** Opening MATERIAL PROVIDED block **

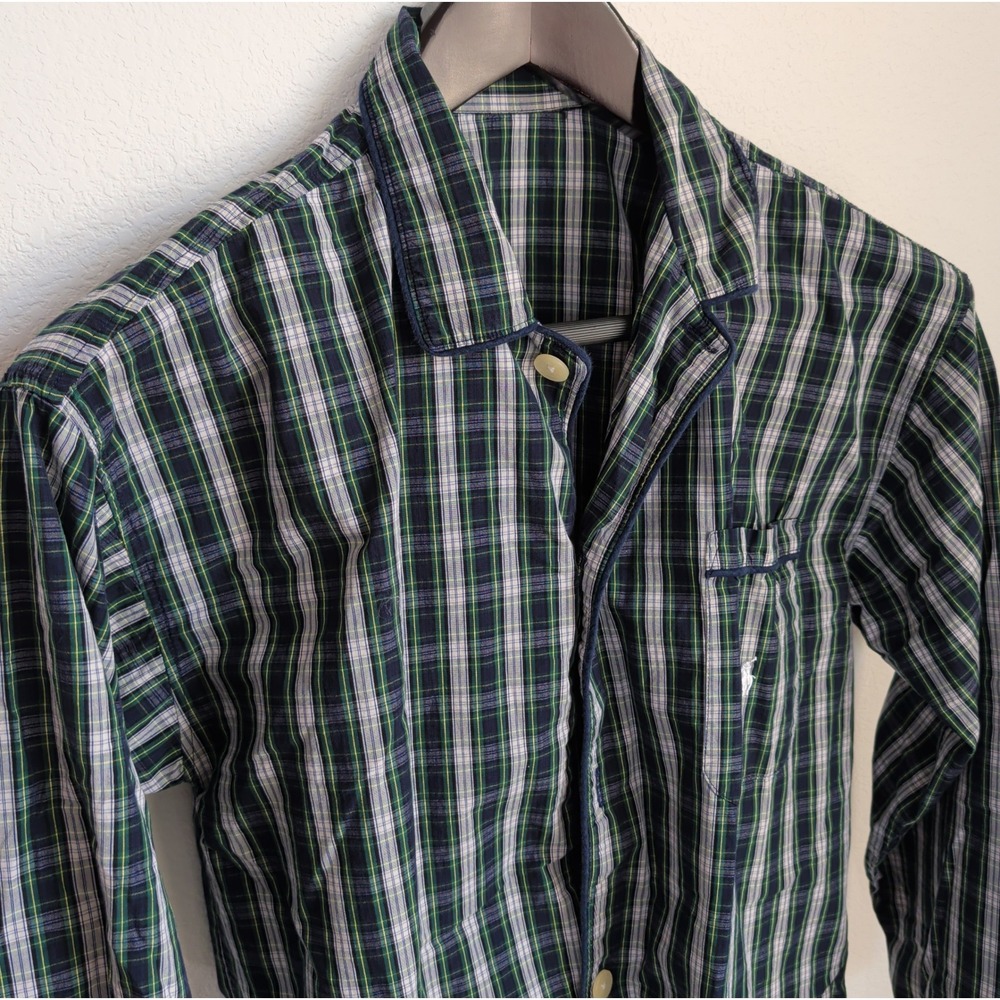 Ralph Lauren Polo Mens Plaid Pajama Top Sleep Shirt Navy Green White Cotton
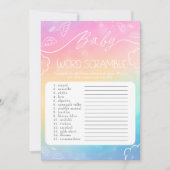 Invitation Heavenly Rainbow Baby Word Scramble Game (Devant)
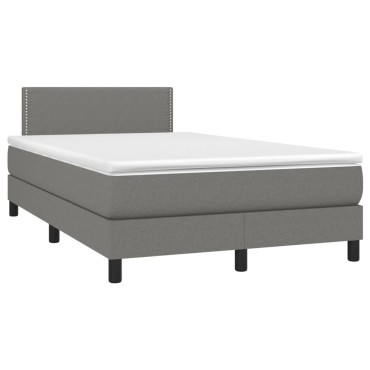 vidaXL Κρεβάτι Boxspring με Στρώμα & LED Σκ.Γκρι 120x200 εκ Υφασμάτινο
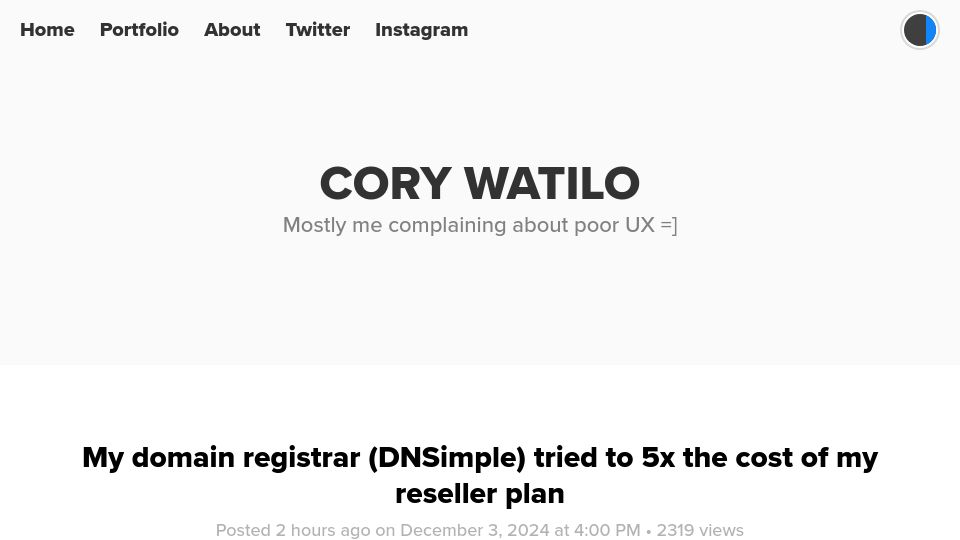 Screenshot of watilo.com: My domain registrar (DNSimple) tried to 5x the cost of my reseller plan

** Closing MATERIAL PROVIDED block **

## YOUR OBJECTIVE:
Starting at the line that contains "vidaXL Κρεβάτι Boxspring", retype each line through the final one in the listing, with both ends kept and the pictures omitted.

## RESULT BELOW:
 vidaXL Κρεβάτι Boxspring με Στρώμα & LED Σκ.Γκρι 120x200 εκ Υφασμάτινο
 Screenshot of watilo.com: My domain registrar (DNSimple) tried to 5x the cost of my reseller plan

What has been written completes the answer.